ACTIVITY:
Reprint all records below exactly. No images.

DATA EXTRACT:
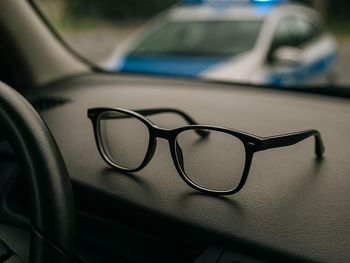 Pomorskie: Wyprzedził policjantów na podwójnej ciągłej. Tłumaczył, że "zamulali"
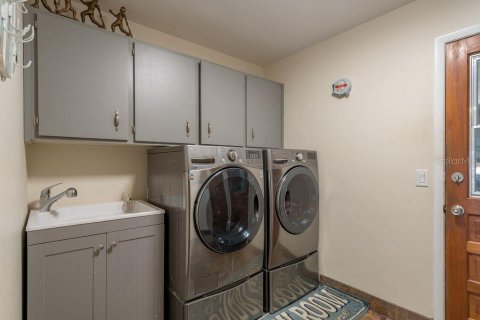 Casa en venta en New Port Richey, Florida, 2 dormitorios, 129.13 m2 № 1856779 - foto 23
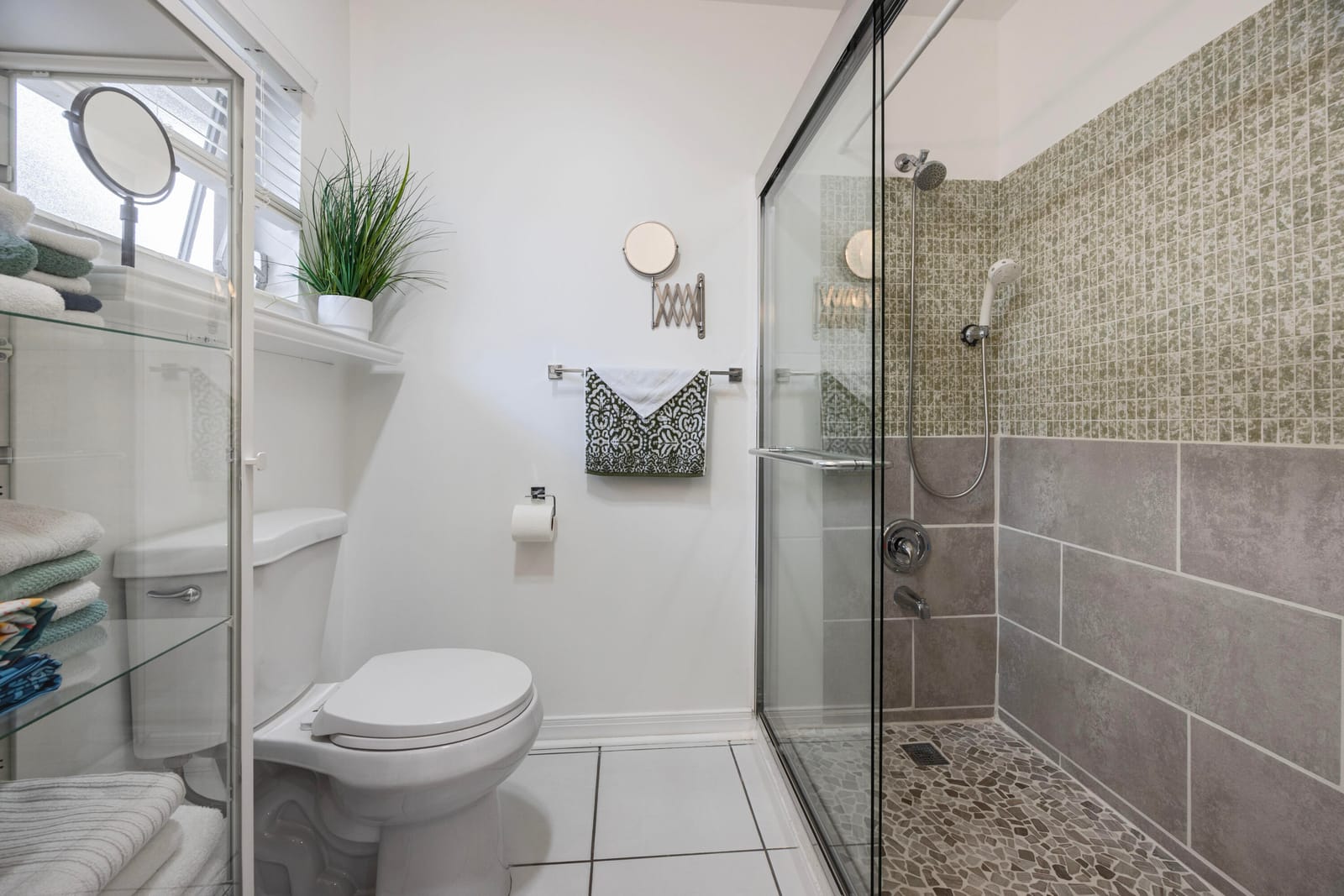 2545 Dudley Drive W E, West Palm Beach, FL 33415 photo 11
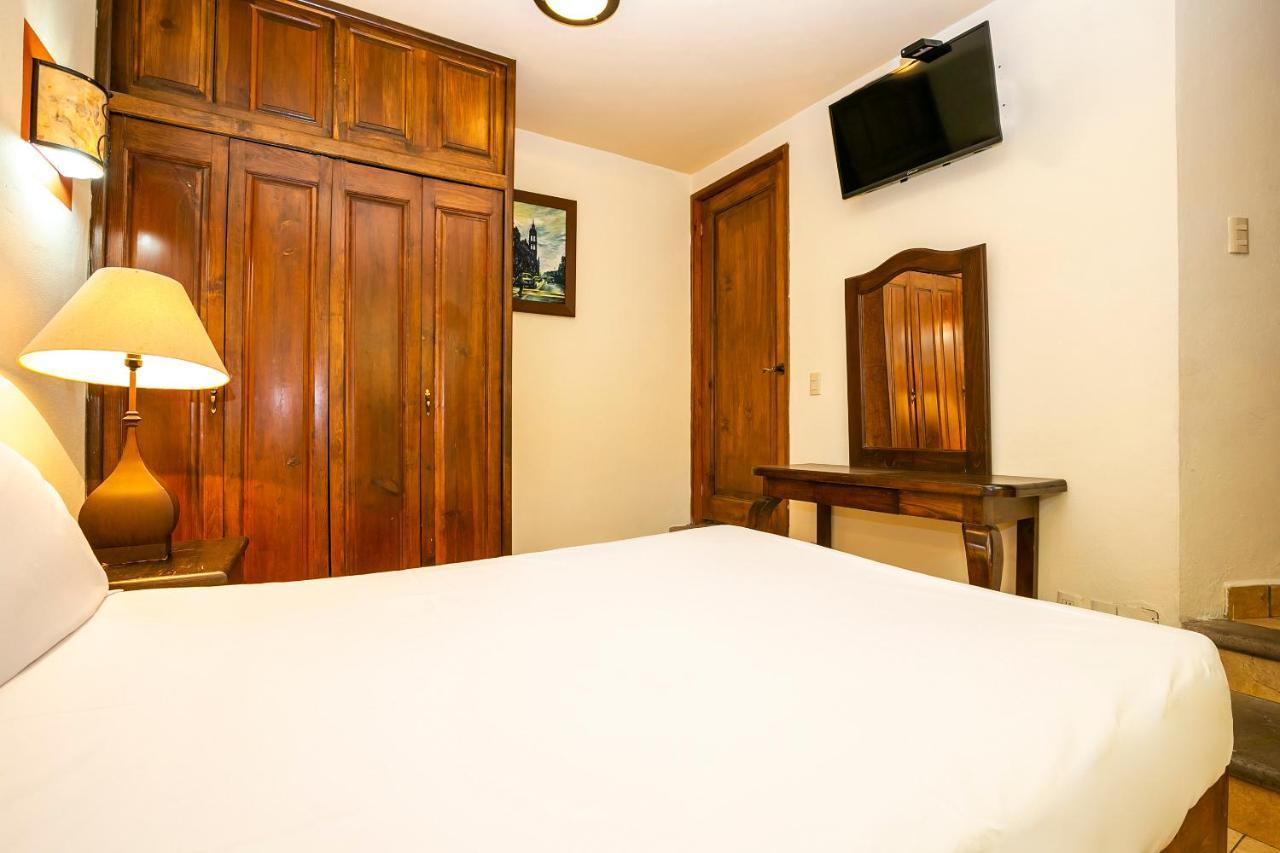 Hotel Casa Del Virrey & Suites Morelia Exterior photo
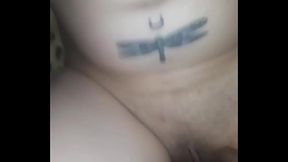 gime y gime de lo rico cuando apenas se lo meto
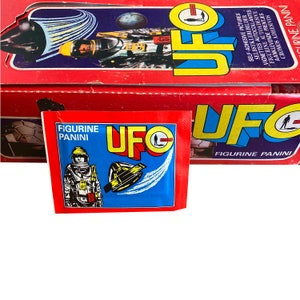 1 confezione di UFO S.H.A.D.O. adesivi dell'album d'epoca. 4 adesivi per confezione. Pubblicato da Panini nel 1973. Molto raro!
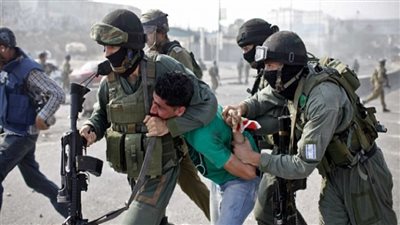 فلسطين.. إصابة شاب فلسطيني برصاص الاحتلال في الخليل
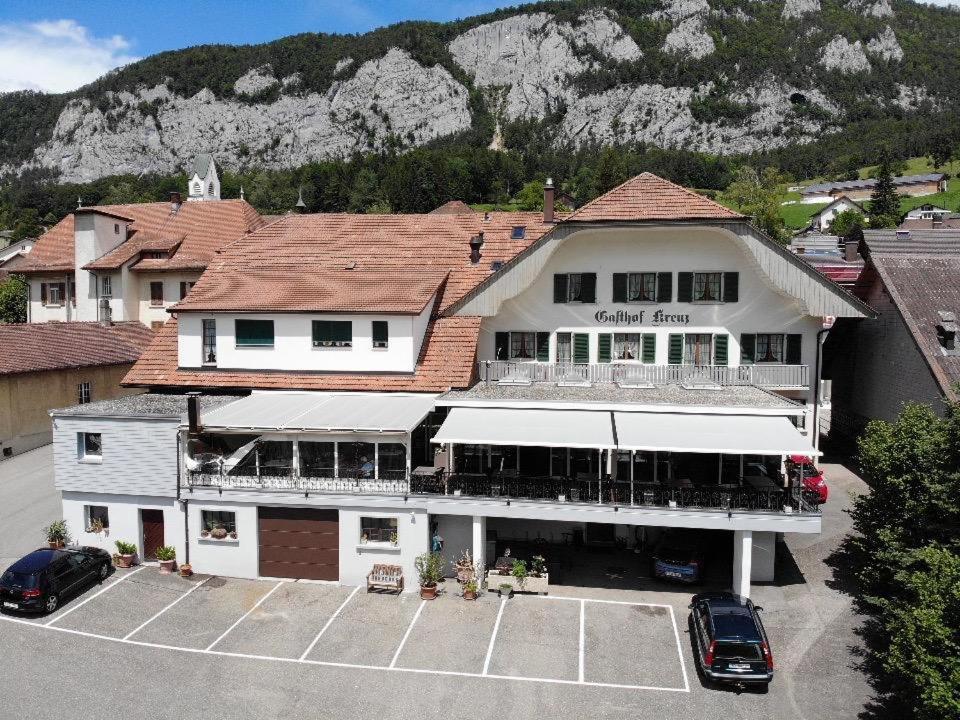 Hotel Gasthof Kreuz Welschenrohr Luaran gambar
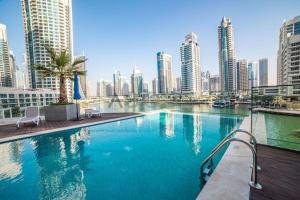 Gallery image of Dubai Marina View Luxury LIV Residence Apartment 2 Bedrooms 3 Bathrooms in Dubai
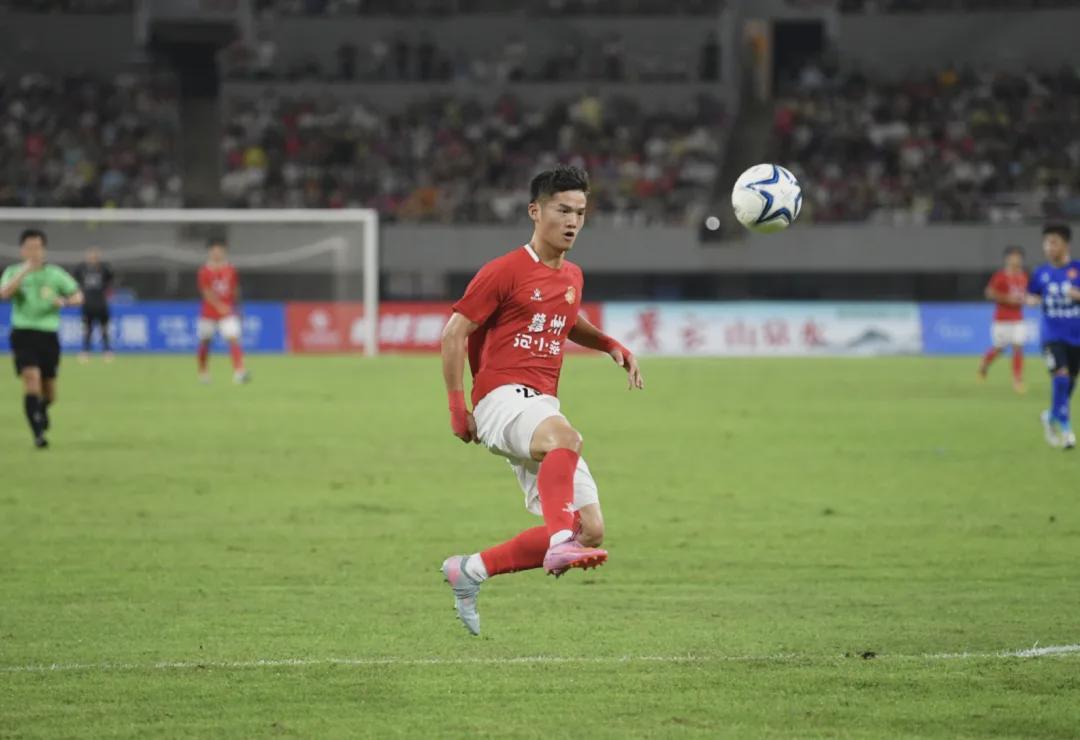 赣州队补时点球战平南昌，总比分2-1晋级赣超四强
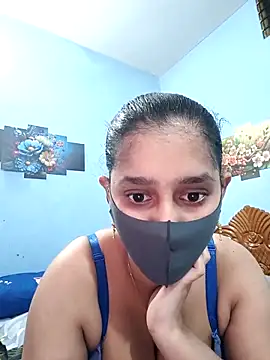 Cute Faria online show from 2, 2, 2026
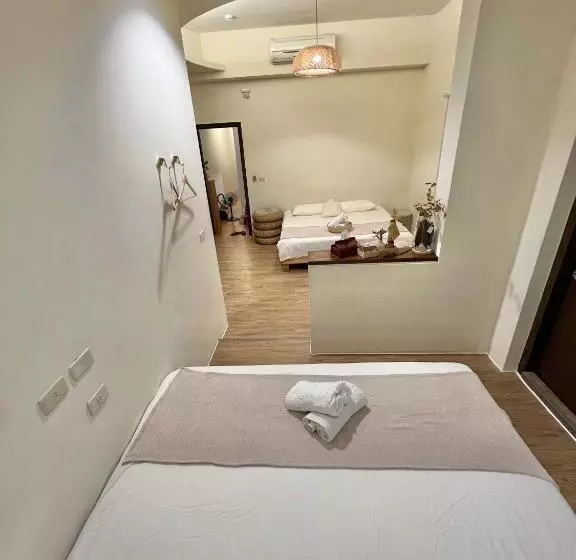 تختخواب و صبحانه W24墾丁民宿墾丁大街一館bnb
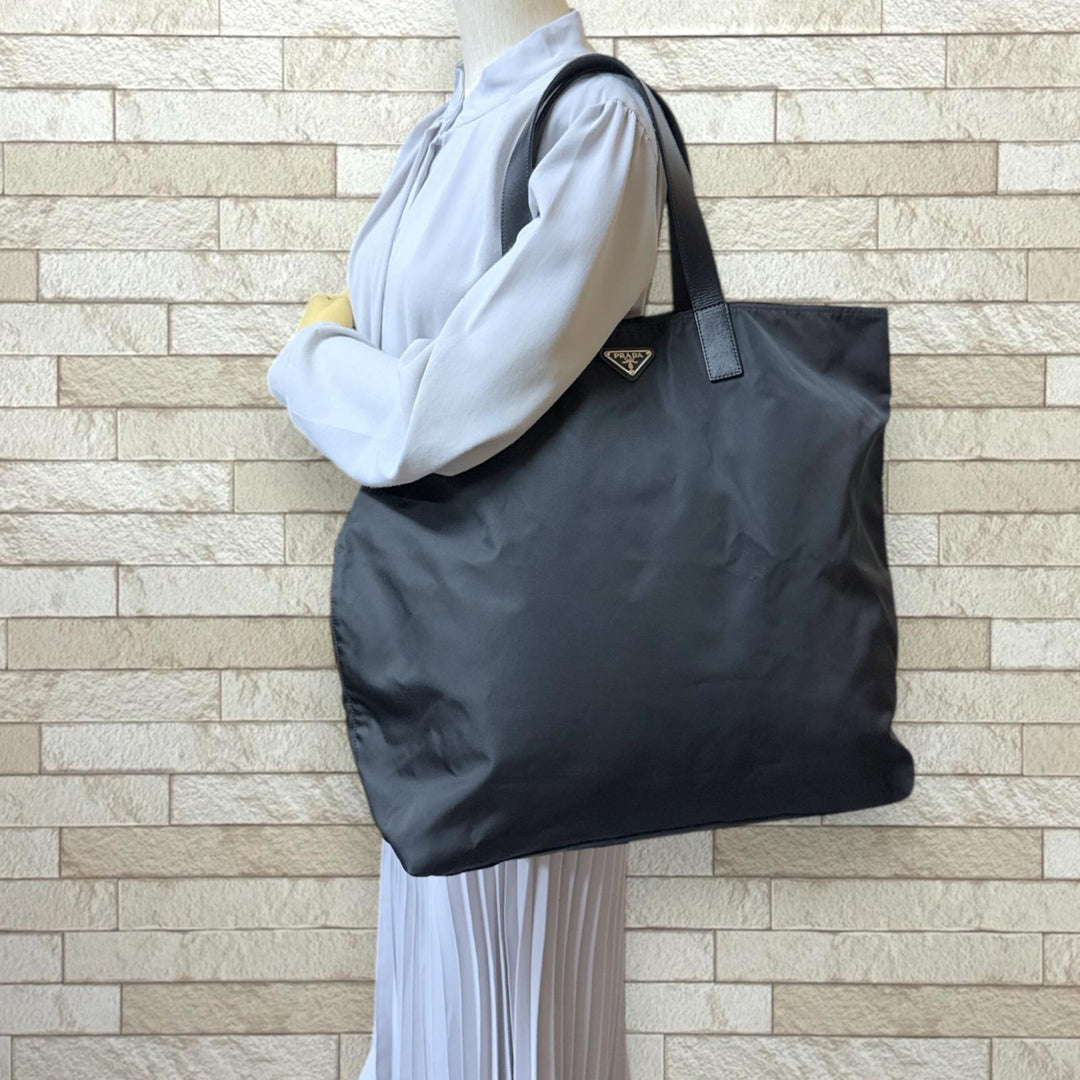 PRADA プラダ トートバッグ ナイロン ブラック ユニセックス 中古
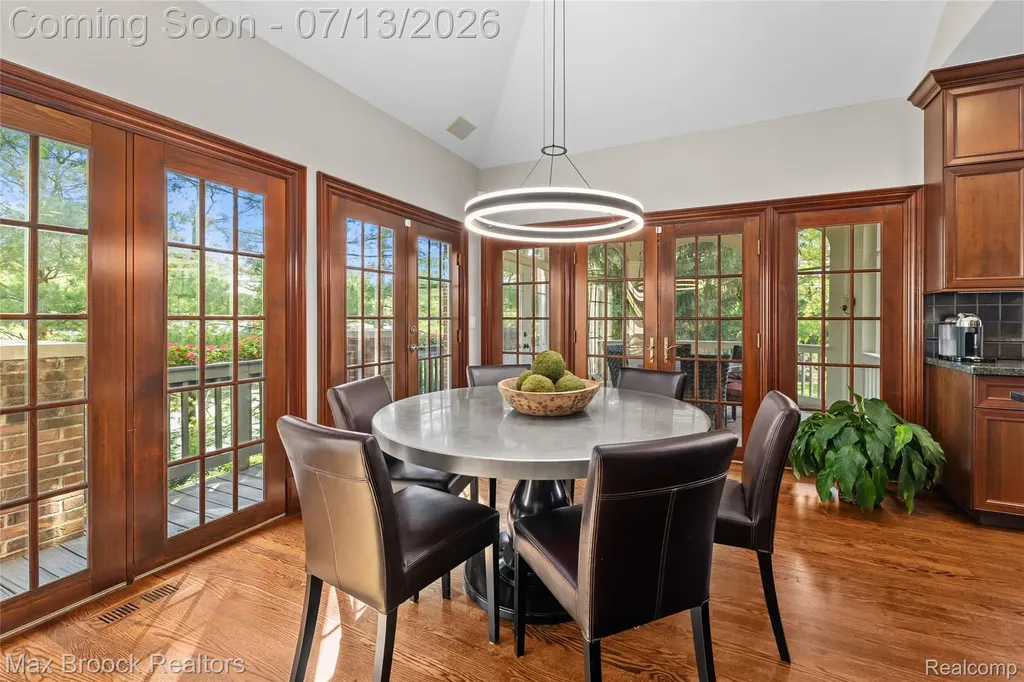 1465 Quarton Ridge Circle Bloomfield Hills City MI 48301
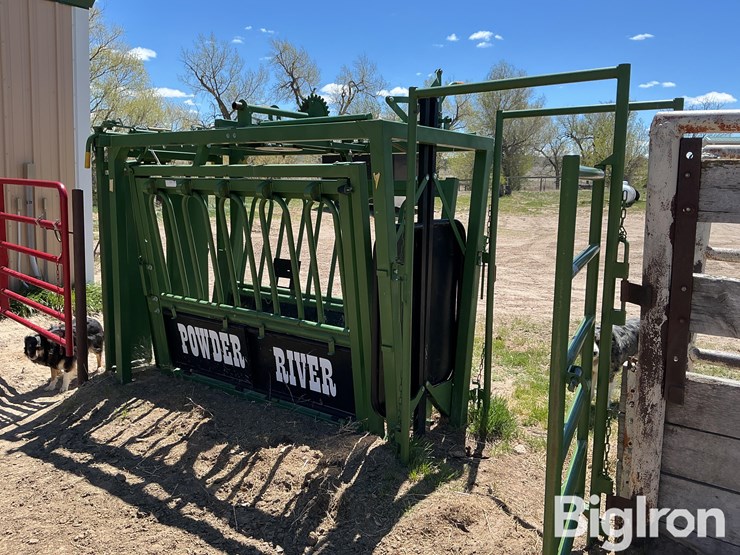 powder-river-working-chute-w/-palpation-cage-image-7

RESULT FOR THIS EXERCISE:
 Pomorskie: Wyprzedził policjantów na podwójnej ciągłej. Tłumaczył, że "zamulali"
 Casa en venta en New Port Richey, Florida, 2 dormitorios, 129.13 m2 № 1856779 - foto 23
 2545 Dudley Drive W E, West Palm Beach, FL 33415 photo 11
 Hotel Casa Del Virrey & Suites Morelia Exterior photo
 gime y gime de lo rico cuando apenas se lo meto
 1 confezione di UFO S.H.A.D.O. adesivi dell'album d'epoca. 4 adesivi per confezione. Pubblicato da Panini nel 1973. Molto raro!
 فلسطين.. إصابة شاب فلسطيني برصاص الاحتلال في الخليل
 Hotel Gasthof Kreuz Welschenrohr Luaran gambar
 Gallery image of Dubai Marina View Luxury LIV Residence Apartment 2 Bedrooms 3 Bathrooms in Dubai
 赣州队补时点球战平南昌，总比分2-1晋级赣超四强
 Cute Faria online show from 2, 2, 2026
 تختخواب و صبحانه W24墾丁民宿墾丁大街一館bnb
 PRADA プラダ トートバッグ ナイロン ブラック ユニセックス 中古
 1465 Quarton Ridge Circle Bloomfield Hills City MI 48301
 powder-river-working-chute-w/-palpation-cage-image-7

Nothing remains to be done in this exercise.